[BUG] AutoRetriever occured error on windows os.

Question

[BUG] AutoRetriever occured error on windows os.

histmeisah opened this issue 4 months ago · 1 comments

histmeisah commented 4 months ago

Required prerequisites

I have read the documentation https://camel-ai.github.io/camel/camel.html.
I have searched the Issue Tracker and Discussions that this hasn't already been reported. (+1 or comment there if it has.)
Consider asking first in a Discussion.

What version of camel are you using?

0.1.6.4

System information

windows 11
python 3.10
camel 0.1.6.4

Problem description

Bug Report: Invalid Collection Name Generation in AutoRetriever on Windows OS

Demo

Run this demo :https://colab.research.google.com/drive/1qs5zqQ3LrTTaPqa6ykShklmKps8fycmY?usp=sharing On my own windows PC.

Description

The AutoRetriever class in the CAMEL library is generating invalid collection names when processing URLs, leading to a WinError 123 (The filename, directory name, or volume label syntax is incorrect) when trying to create or access the vector storage.

Steps to Reproduce

Initialize an AutoRetriever instance.
Call the run_vector_retriever method with a list of URLs as the contents parameter.
The method fails when trying to create a Qdrant collection with an invalid name.

Expected Behavior

The _collection_name_generator method should create a valid collection name for any input, including URLs with special characters.

Actual Behavior

The method creates invalid collection names for some URLs, causing the QdrantStorage initialization to fail with a WinError 123.

Error Message

OSError: [WinError 123] The filename, directory name, or volume label syntax is incorrect: 'local_data\\collection\\![](https:'

Proposed Solution

Modify the _collection_name_generator method in the AutoRetriever class to ensure it always produces a valid collection name:

def _collection_name_generator(self, content: str) -> str:
    parsed_url = urlparse(content)
    is_url = all([parsed_url.scheme, parsed_url.netloc])

    if is_url:
        # Use a stricter character replacement for URLs
        collection_name = re.sub(
            r'[^a-zA-Z0-9]+',
            '_',
            parsed_url.netloc + parsed_url.path
        )
    elif os.path.exists(content):
        collection_name = re.sub(r'[^a-zA-Z0-9]+', '_', Path(content).stem)
    else:
        collection_name = re.sub(r'[^a-zA-Z0-9]+', '_', content[:30])

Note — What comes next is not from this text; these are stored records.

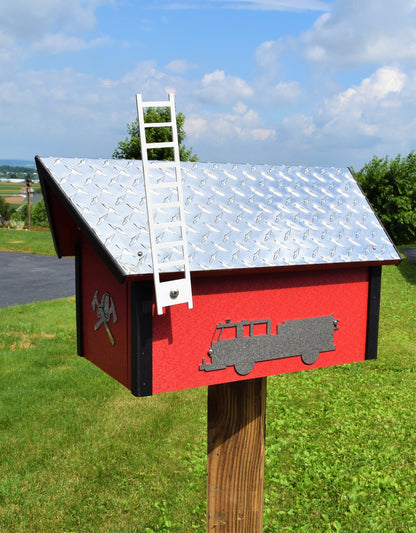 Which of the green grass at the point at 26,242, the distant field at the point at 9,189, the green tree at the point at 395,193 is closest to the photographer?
the green tree at the point at 395,193

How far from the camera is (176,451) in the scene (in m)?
6.62

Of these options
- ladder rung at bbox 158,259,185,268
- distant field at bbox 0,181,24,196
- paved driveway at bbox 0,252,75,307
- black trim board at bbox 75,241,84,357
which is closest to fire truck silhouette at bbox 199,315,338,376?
ladder rung at bbox 158,259,185,268

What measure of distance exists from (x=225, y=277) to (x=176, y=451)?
433cm

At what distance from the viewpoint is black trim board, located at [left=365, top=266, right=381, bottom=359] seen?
11.7ft

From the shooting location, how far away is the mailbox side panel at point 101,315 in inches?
118

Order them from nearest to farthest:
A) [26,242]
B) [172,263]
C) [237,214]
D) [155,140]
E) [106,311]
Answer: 1. [172,263]
2. [237,214]
3. [106,311]
4. [155,140]
5. [26,242]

    # Ensure the name starts with a letter
    collection_name = re.sub(r'^[^a-zA-Z]+', '', collection_name)
    
    # Remove leading and trailing underscores
    collection_name = collection_name.strip('_')
    
    # Use a default name if empty
    if not collection_name:
        collection_name = 'default_collection'
    
    # Limit length
    return collection_name[:30]

Additionally, add error handling in the run_vector_retriever method:

try:
    collection_name = self._collection_name_generator(content)
    print(f"Generated collection name: {collection_name}")  # For debugging
    vector_storage_instance = self._initialize_vector_storage(collection_name)
    # ... rest of the method
except Exception as e:
    print(f"Error processing content: {content}")
    print(f"Error details: {str(e)}")
    continue  # Skip this content and continue with the next

Reproducible example code

The Python snippets:

Command lines:

Extra dependencies:

Steps to reproduce:

Traceback

No response

Expected behavior

No response

Additional context

No response

Answer 1 · 2024-09-03T11:25:29.000Z

Hey @histmeisah , thanks for the issue! The bug has been fixed in #872 , You can try it out in version 0.1.6.7 +